Le soleil filtre à peine dans la forêt que nous explorons, appelée el bosque de los hellechos. La végétation n'a ici pas évolué depuis le quaternaire. Tout autour de nous, s'élèvent des troncs de plusieurs mètres de haut dominés par de jeunes pousses de fougères du vert le plus tendre. La consistance de ces troncs est surprenante : ils semblent formés par les feuilles des années précédentes agglutinées les unes sur les autres constituant ainsi ce pilier si droit et pourtant si friable, au travers duquel la machette s'enfonce facilement.
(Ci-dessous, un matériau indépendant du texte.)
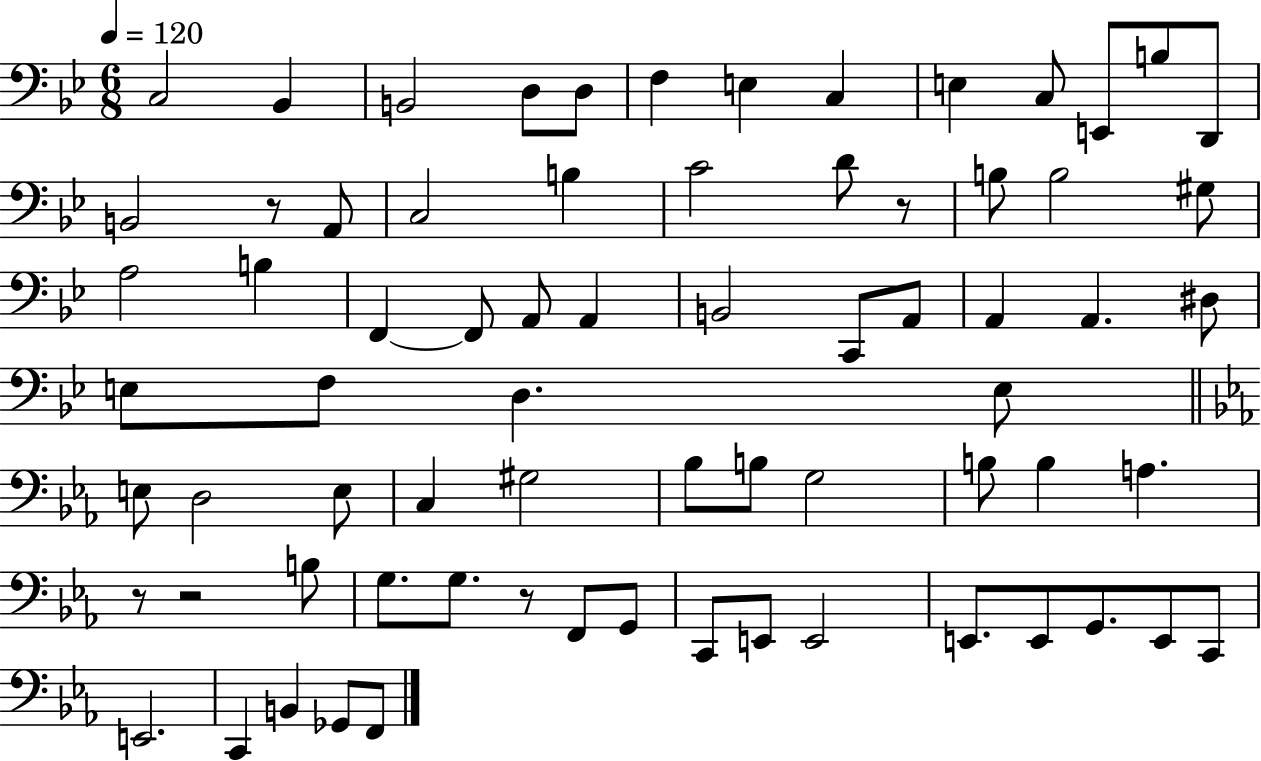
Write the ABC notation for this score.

Fin août, malheureusement, un gel tardif a brûlé la majorité des premières pousses de l'année et celles que nous avons sous les yeux commencent à peine à éclore. Toutefois, nous pouvons aisément imaginer l'aspect que doit prendre ce bois plus tard dans la saison, avec un tel toit de fougères. Un panorama idéal pour tourner Jurassic Parc! L'important dénivelé du site ne fait qu'ajouter à sa beauté, nous permettant à l'occasion un coup d'oeil sur l'ensemble de la forêt primaire. La descente dans un vallon s'effectue à quatre pattes tant la pente est raide. Quelle incroyable diversité de paysages à si courte distance du campement! Du maquis dense et épineux de la veille à cette forêt du quaternaire fraîche et aérée, le contraste est saisissant.

Nous effectuons gaillardement le chemin du retour vers la Yunga où nous attend le taxi. Le garde à la moto vient à notre rencontre pour nous donner à nouveau un coup de main avec les sacs (sans encombre, cette fois). Comme d'habitude, Jacques monte à l'avant du taxi tandis que Alain, Christian, Carola et moi nous entassons sur la banquette arrière. Un peu surpris, Jacques nous fait constater que tous les compteurs de la voiture se trouvent de son côté, ainsi qu'un formidable trou que comblait probablement, à l'origine, l'axe du volant! On se demande tous comment cette Toyota trafiquée atteignant les 271000 kilomètres au moment où le compteur a cessé de fonctionner (à quand donc cela peut-il d'ailleurs remonter? "Une dizaine d'années environ" nous répond le chauffeur) et qui cale toutes les quelques minutes parvient à monter et descendre les pentes à plus de 10% du sentier en épingles à cheveux, alternativement sablonneux ou caillouteux, avec à son bord six personnes et cinq sac à dos...

Aux Correos de Samaipata, nous laissons deux cartes postales. La femme à qui nous les remettons nous promet d'appeler le facteur quand elle aura suffisamment de lettres pour justifier son déplacement, mais pas avant la semaine prochaine de toute façon. Ce sera une véritable aubaine si ces cartes parviennent un jour à leurs destinataires! Sur le trajet, Carola nous enseigne une coutume locale : pour signaler une maison où l'on peut acheter du pain, les propriétaires placent devant chez eux une chaise recouverte d'un linge blanc. Ils la rentrent dès qu'ils ont épuisé leur stock de la journée. Bien commode pour repérer de loin une "boulangerie" ouverte!

Pour 80 bolivianos de plus, le taxi nous conduit jusqu'à Santa Cruz, où nous retournons fidèlement à l'hôtel Bibosí. Suivant les conseils du futé, nous dînons à la crêperie de Santa Cruz. Bien que n'ayant rien à voir avec des crêpes telles que l'on se les imagine en France, le repas est délicieux et le cadre du restaurant très chic par rapport à tout ce que nous avons vu jusqu'ici. Le service est impeccable et l'absence de l'omniprésente télé fort appréciée.